What Can Retirees Do About Climate Change?

With climate change emerging as a significant retirement issue, you may be wondering what retirees can do to protect themselves and their families. It turns out there’s a lot you can do—adapting your lifestyle, protecting your finances, and, if you’re so inspired, participating in activism.

Let’s look at each of these possibilities.

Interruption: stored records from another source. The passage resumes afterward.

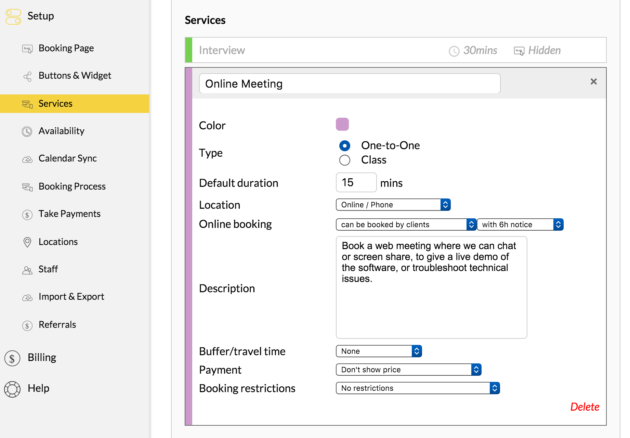 Set up your services and availability in seconds. 10to8 is the simplest online booking software to setup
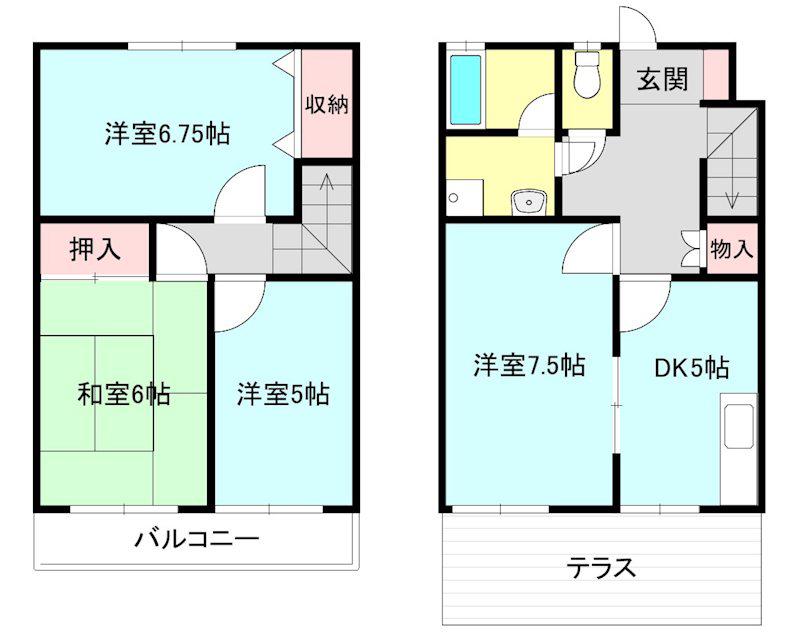 ウイング森井A(4K/1階)の間取り写真
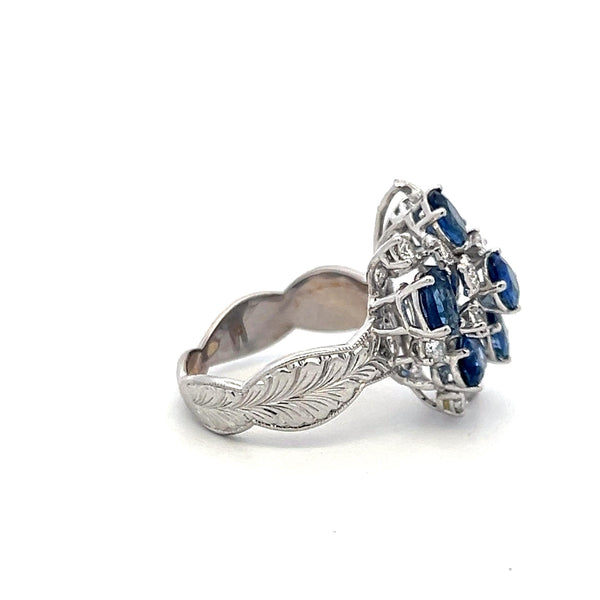 3.23 Carat Sapphire 0.40 Carat Round Diamond 18 Karat White Gold Cocktail Ring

Evolve to a green retirement lifestyle

There are several “triple win” climate change solutions you can implement that have the potential to save you money, improve your health, and help you be more gentle on the environment. Such solutions include:

  • Downsizing your home to reduce maintenance costs, property taxes, insurance, and energy bills. You can achieve a “triple win” status if you choose a new home that enables you to walk or bike to get around town, helping you exercise and reduce carbon emissions in the bargain.
  • When you can’t walk or bike, try using public transportation, potentially saving you money and reducing your stress.
  • Growing your own fruits and vegetables. Better yet, replace your water-hungry lawn in the process.
  • Eating more fruits, vegetables, grains, and legumes and less meat. Try to make plant-based food the main focus of each meal instead of meat.
  • Buying food at a farmer’s market, preferably a market you can walk to. At a local farmer’s market, you have the opportunity to buy locally produced food, make friends with the vendors, and get exercise walking though the market.

Most retirees have less regular income compared to their working years. But instead of viewing this as a diminished situation, think instead that you’re living a “green retirement.”

Protect your life and your finances

Are you living in an area that’s threatened by fires, floods, drought, or extreme weather events? These events can take a devastating toll on your finances and health. If your area is at risk for these types of conditions, you might want to consider moving to a more climate-friendly location—before you’re too old and don’t have the energy and resources to make such a move.

You can also broaden your idea of a “retirement investment” to mean deploying retirement savings to reduce your living expenses in light of climate change. The “return” on your investment can compare favorably to investment returns on your savings. Examples include:

  • Insulating your home
  • Buying energy-efficient appliances
  • Installing solar panels if you live in a sunny area
  • Buying a car with high gas mileage, such as a hybrid, or even an electric vehicle
  • Installing drought-tolerant plants together with drip irrigation

It’s hard to predict whether climate change could cause inflation or stock market crashes during your retirement. However, you might consider climate change to be one more reason to take steps to protect your retirement income and living expenses against the risks of inflation and stock market crashes.

If you’re really motivated…

Some retirees might want to reposition their retirement investments in a way that aligns their values with their investments. If you decide to take on this admirable goal, just remember, the devil is in the details. It turns out that there can be several different ways to define a “climate friendly investment.” Morningstar is a good source of information on sustainable investing, devoting an entire landing page on their website to the topic.

Another response might be to get involved with organizations that help reduce the impact of climate change on communities. For example, the Elder Action Network was formed to create a community of elders to leave a better world to our kids, grandkids, and future generations. Two of their initiatives are particularly relevant: climate action and regenerative living.

Of course, the steps described here won’t necessarily be easy to implement. But this is the hard work facing the Boomer generation: addressing the serious threat of climate change on our finances, health, and society.